→ Assignment:
Pictures aside, reproduce exactly each line from the one holding "Used 2020 Honda HR-V LX image 4" through the last line of the material, both ends included.

→ Data provided:

---+---

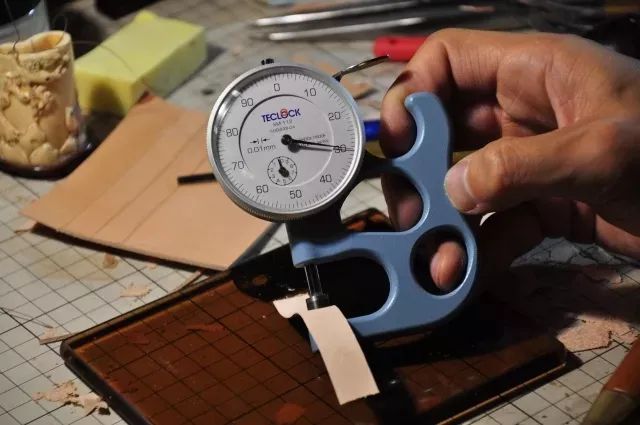 钱包夹包的制作,钱包制作教程真皮包边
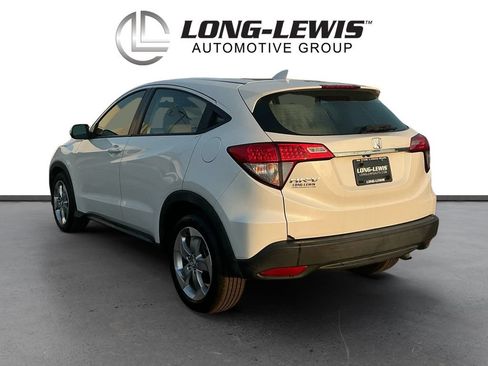 Used 2020 Honda HR-V LX image 4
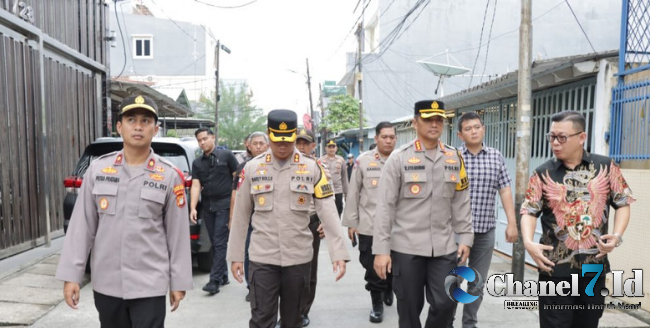 Kapolres, Wakapolres Metro Jakarta Barat, Kapolsek Tambora Kom.P.Pratama Patroli Kerumah Warga Yang Ditinggal Mudik Lebaran 2023 5 20230423 053747 0000
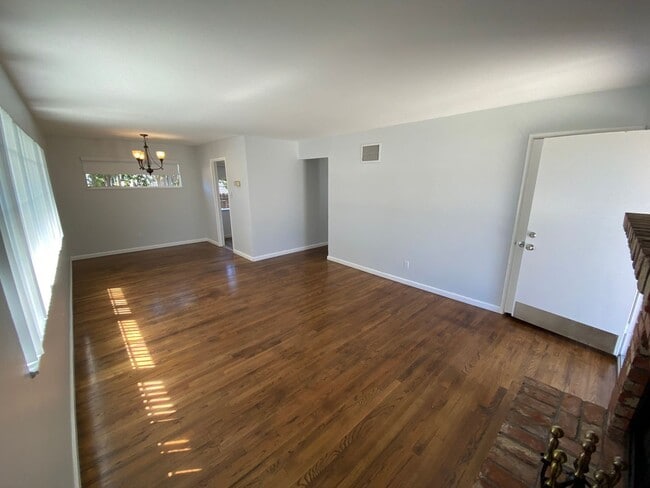 Building Photo - Charming 3 Bedroom Home in Quiet Tree-Line...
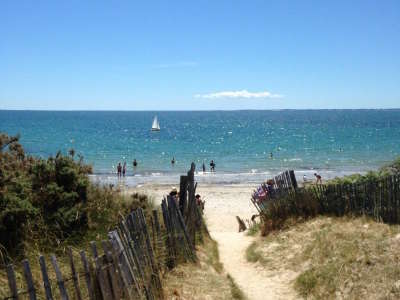 La trinite sur mer la plage de kervillen routes touristiques dans le morbihan guide du tourisme en bretagne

---+---

→ Solution:
 Used 2020 Honda HR-V LX image 4
 Kapolres, Wakapolres Metro Jakarta Barat, Kapolsek Tambora Kom.P.Pratama Patroli Kerumah Warga Yang Ditinggal Mudik Lebaran 2023 5 20230423 053747 0000
 Building Photo - Charming 3 Bedroom Home in Quiet Tree-Line...
 La trinite sur mer la plage de kervillen routes touristiques dans le morbihan guide du tourisme en bretagne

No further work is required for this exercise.